AlexsLemonade / sc-data-integration

0 stars 0 forks source link

Use marker genes from defined cell types as reference for CellAssign #223

Closed allyhawkins closed 1 year ago

allyhawkins commented 1 year ago

Stacked on #221

This PR is a continuation of the analysis started in #221. Here I broke out the comparison of using the top marker genes as a reference for cell assignment as a separate notebook. Before filing this, I addressed some of the concerns brought up in the initial review:

For the "circular" bit: how did you decide on 10 markers for each cell type? I also wonder if we might want to use "any" for these markers, or something in between: I kind of assume that most marker lists are some kind of a mix, where genes that mark a set of related types might be included in all of their marker lists. The fact that CellAssign uses a binary matrix certainly implies that it would expect some of that kind of data. (But does CellAssign require upregulation for a marker? I kind of assume so, but it is worth checking).

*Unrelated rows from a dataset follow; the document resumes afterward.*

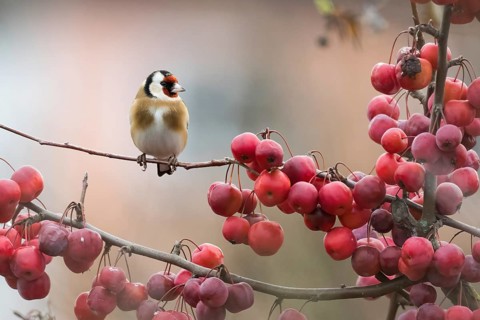 A goldfinch (Carduelis carduelis) sitting on a branch next to densely grown red berries against a
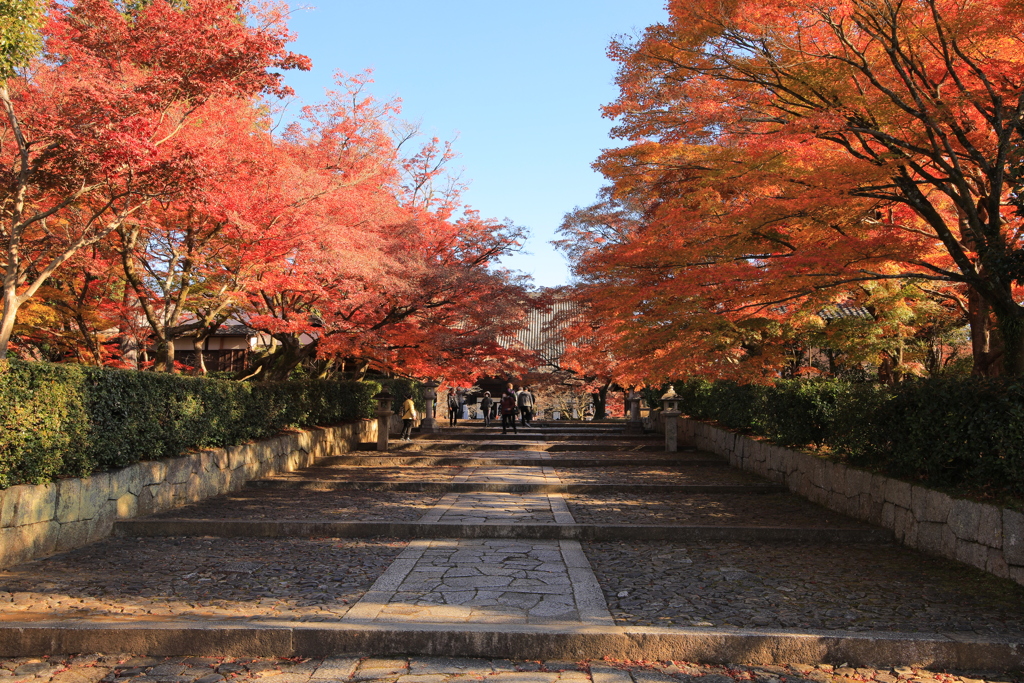 2021年京都　真如堂②
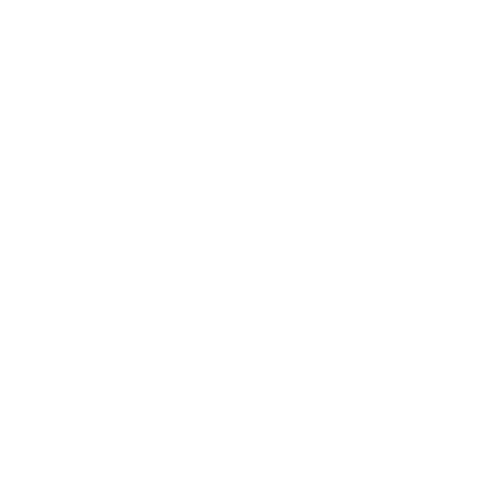 India Records Sticker by SE3K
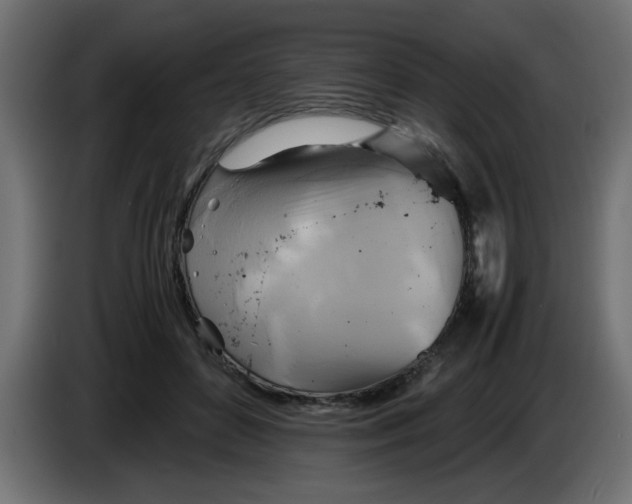 X0000083560504200703021722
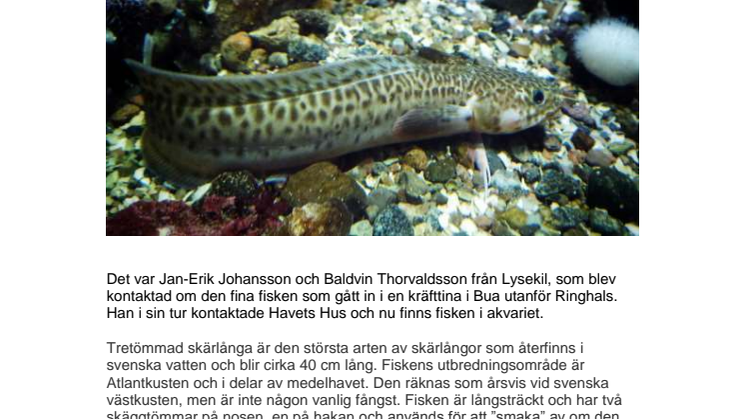 Ny ovanlig fiskart till Havets Hus i Lysekil!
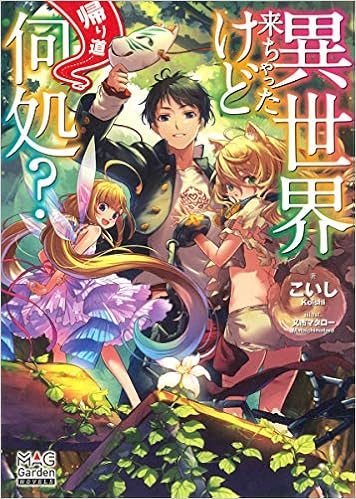 異世界来ちゃったけど帰り道何処 マッグガーデン ノベルズ Amazon Com Books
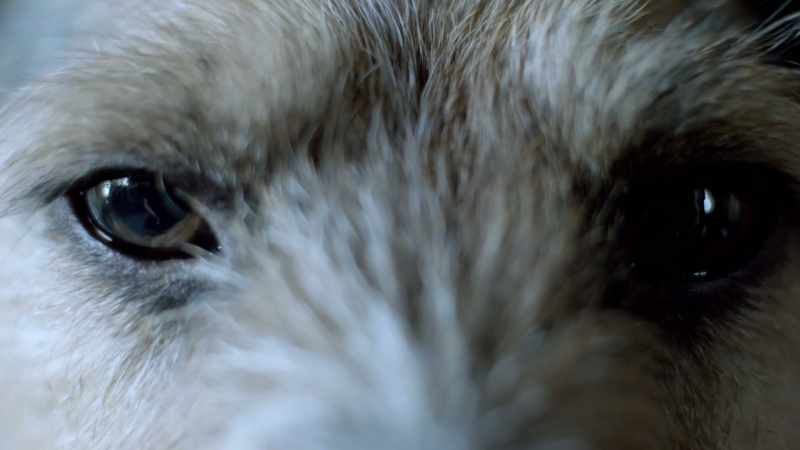 (animal growling)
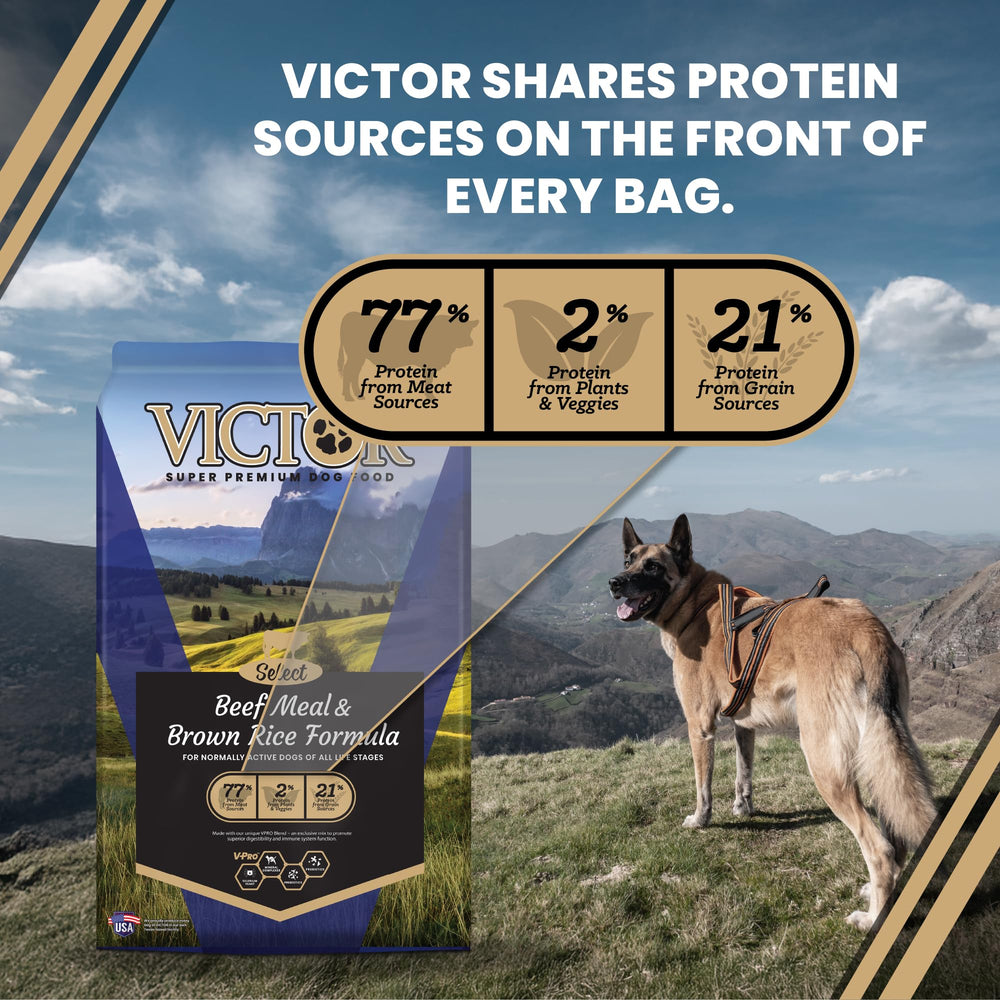VICTOR immunity-support dog food kibble assembly suggests digestive and immune support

Here's a copy of the completed notebook: cell-assign-sarcoma-marker-genes.nb.html.zip

allyhawkins commented 1 year ago

Thanks for taking a look at this @jashapiro. I added some explanatory text around the analysis that was already here, but I didn't update any plots or any of the actual analysis. I will note that I did try to use any rather than all for the FindMarkers strategy and there was not a noticeable difference which is why I just kept using all. I do think the idea of doing a logFC cutoff is good, but I'm not sure we need it at this stage.